Thanks for the kind compliments.
His coat is shedding now and is changing dramatically.

I think he is done with height at exactly 25inch.
He hasn't grown in height at all this month. 

Here's another shot. He is a little wet though


----------



## d4lilbitz

Very handsome, love his dark mask!


----------



## King1122

He is a very handsome guy!


----------



## d4mmo

10 month update, Iv reduced his food a little coming up to summer, temperatures in Australia can reach 110+ and I figure being fit and lean will help. His between 70-75 pounds at the moment at 25 inch


----------



## kelbonc

Rhino certainly is a handsome boy!


----------



## d4mmo

Thanks for the compliment kelbonc
I have seen a big difference on his pastern and hock joint over the last couple months. Not only have they firmed up but they are also more in proportion, ie the length of hock before seemed to long compared to the rest of the leg giving a cow hock look. This has improved significantly. 
lhczth can you comment on this, you seem to know a bit about structure


----------



## d4mmo

11 month update
His obedience seems to somewhat improved even though I have laid off the obedience. 
His focus is very intense now and he is showing more gsd tendencies and less Labrador tendencies. Eg less content to run and play with just anyone. Ignoring others, enjoying the company of his pack much more than others. I suppose he wasn't going to stay a puppy forever though 

Anyways I'm now training him to self stack, it came very natural








We took him to his first herding class which went very well. The farmer had never seen a GSD herd but was quite surprised how natural it came, although on the way out I realized cows didn't like his presence very much.


----------



## Christieb24

Wow...he's stunning.. such a regal boy whatever you are feeding him it is working LOL.. lovely


----------



## d4mmo

12 month update. Happy bday big boy.







I love this photo. Despite what it looks like those boxers are his best friends


----------



## d4mmo

That will be the last photo update. I'll probably update after his next show. Some time mid next year.
I think he has developed into a handsome stud. 
It's been an awesome 12 months and I could not be happier with my pup


----------



## d4mmo

great news, rhino has gotten his hips and elbows checked with great results.
elbows are 0:0
hips are 0:2
easy A and Z stamp.
very happy with the little man. he has a show and obedience trial coming up next month. very excited


----------



## d4mmo

another photo before his next show. im hoping the judges like him as much as i do. iv got him entered in a show and obedience comp the next day. im extreamly nervous. any tips will be greatly appreciated.
feel free to critique also.
thanks


----------



## d4mmo

little Rhino placed 7th at the nationals. very happy


----------



## d4mmo

Thats him in the middle with brothers infront and behind


----------



## Cschmidt88

Very nice! You must be proud, he's a handsome boy  

If you don't mind me asking are there any websites besides the USCA to locate local rating shows? I'd like to get my kiddo into one but I cannot find any locally.


----------



## d4mmo

hey cschmidt88

im in australia ( the world down under)
so unfortunately i cant help sorry


----------



## Cschmidt88

Haha oh gosh, thank you though!


----------



## d4mmo

this is rhino at his latest show.
Came 2nd male intermediate
2nd reserve dog.

i think his done growing, he stands 64.5cm tall or 25inch
and is weighing a huge 44kg 97pounds


----------



## Bella67

Gorgeous!


----------



## Malachi'sMama

What a stunning fella! Absolutely handsome!!

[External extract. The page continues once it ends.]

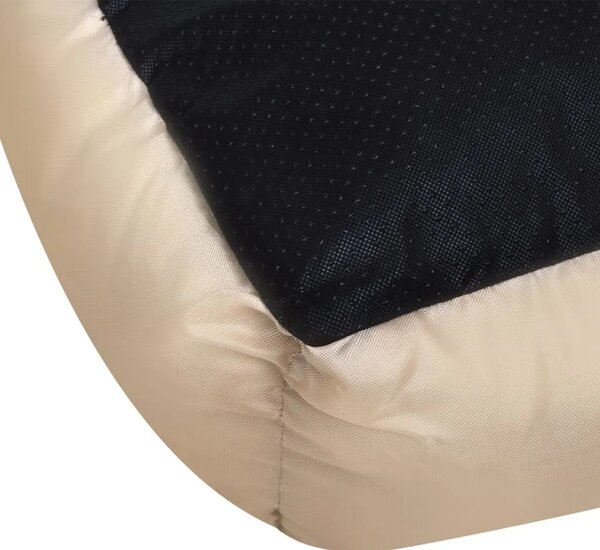 Topli krevet za pse s podstavljenim jastukom XL - xl Smeđa Smeđa xl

You should be proud!! I've enjoyed following this thread! Hope you'll continue to update!


----------



## Lobo dog

Such a Studley fellow! Love keeping up with his thread. I too hope that you will continue to update!


----------



## d4mmo

Thanks for the kind replies.  
His next show is in a couple of months. 
i'm getting some proper photography done so hopefully ill have some good photos of him in peak condition


----------



## d4mmo

update: Rhino has been breed Surveyed awarded kk1.
check out the website below for his pedigree and breed report 
Misteishah Fletcher AZ


----------



## Chai

Wow he is dreamy! Looking to enter shows next year, it all seems so complicated though...I don't think I can keep mine from running all over the place instead of in a nice circle!

Keep up the great work!


----------